____ Information supplied
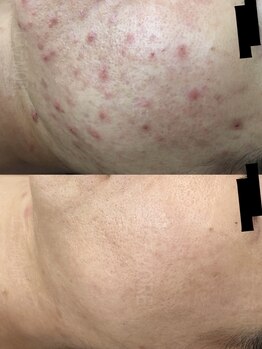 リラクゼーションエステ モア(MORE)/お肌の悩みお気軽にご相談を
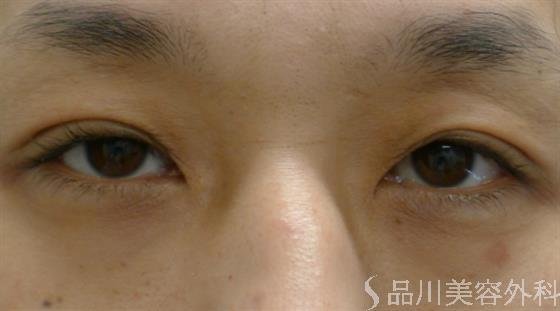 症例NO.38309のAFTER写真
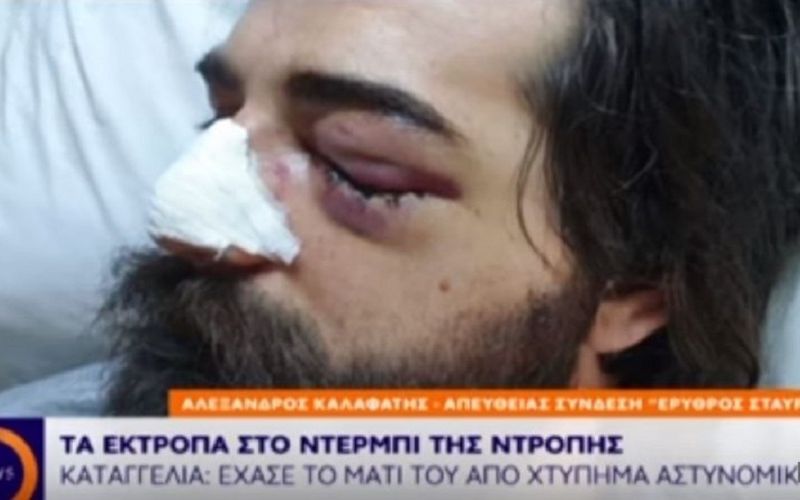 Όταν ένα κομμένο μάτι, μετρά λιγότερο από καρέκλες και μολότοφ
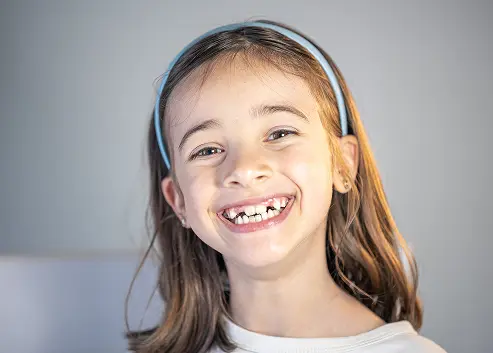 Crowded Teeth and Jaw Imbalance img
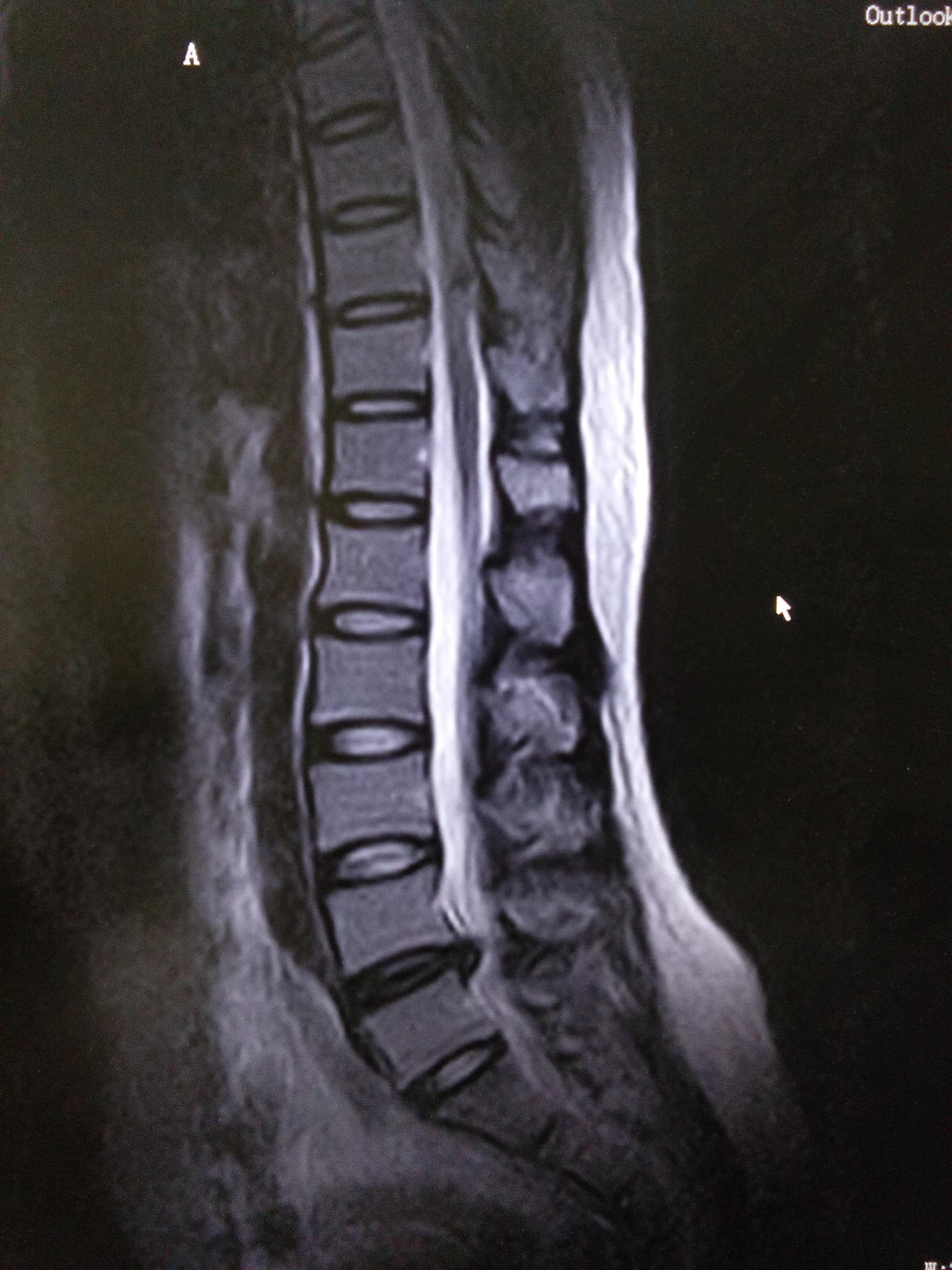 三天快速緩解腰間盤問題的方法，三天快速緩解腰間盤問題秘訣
________
____ Information supplied
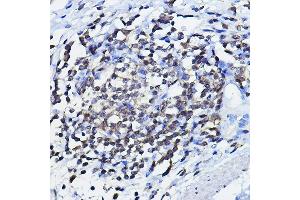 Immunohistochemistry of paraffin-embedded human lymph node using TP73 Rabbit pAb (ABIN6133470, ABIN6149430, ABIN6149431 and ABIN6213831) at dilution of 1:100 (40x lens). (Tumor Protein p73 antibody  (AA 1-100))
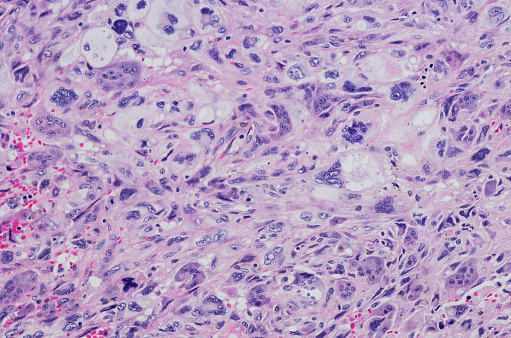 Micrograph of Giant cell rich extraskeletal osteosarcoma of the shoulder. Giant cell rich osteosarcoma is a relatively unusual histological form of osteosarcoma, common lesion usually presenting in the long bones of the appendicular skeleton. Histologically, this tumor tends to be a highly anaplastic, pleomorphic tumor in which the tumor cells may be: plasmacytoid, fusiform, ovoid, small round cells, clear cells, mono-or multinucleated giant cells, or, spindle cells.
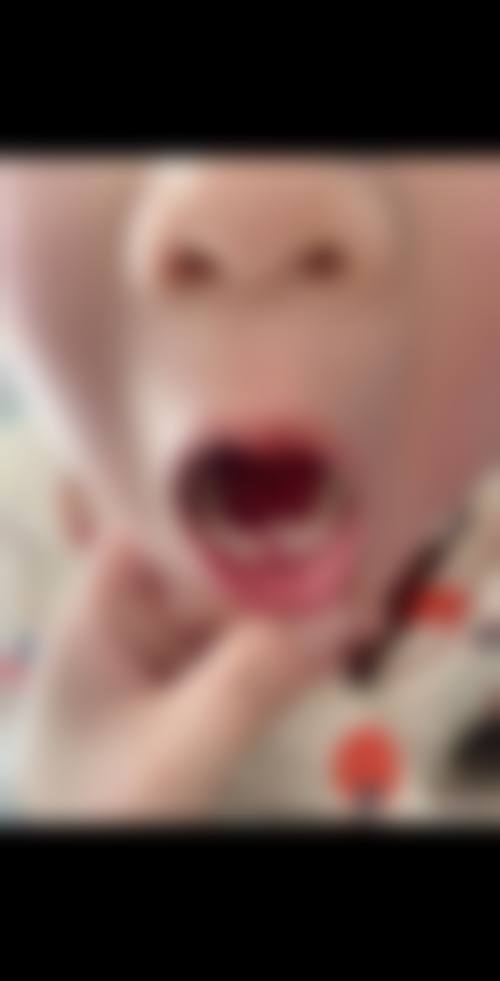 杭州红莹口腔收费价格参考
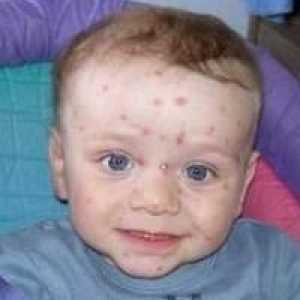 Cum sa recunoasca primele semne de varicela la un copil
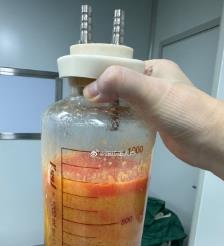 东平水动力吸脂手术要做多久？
________
• **Goal of the exercise**:
Using the records above, return verbatim only the part that opens with the line containing "杭州红莹口腔收费价格参考" and closes with the line containing "东平水动力吸脂手术要做多久？"; pictures stay out.

• **Result for this task**:
 杭州红莹口腔收费价格参考
 Cum sa recunoasca primele semne de varicela la un copil
 东平水动力吸脂手术要做多久？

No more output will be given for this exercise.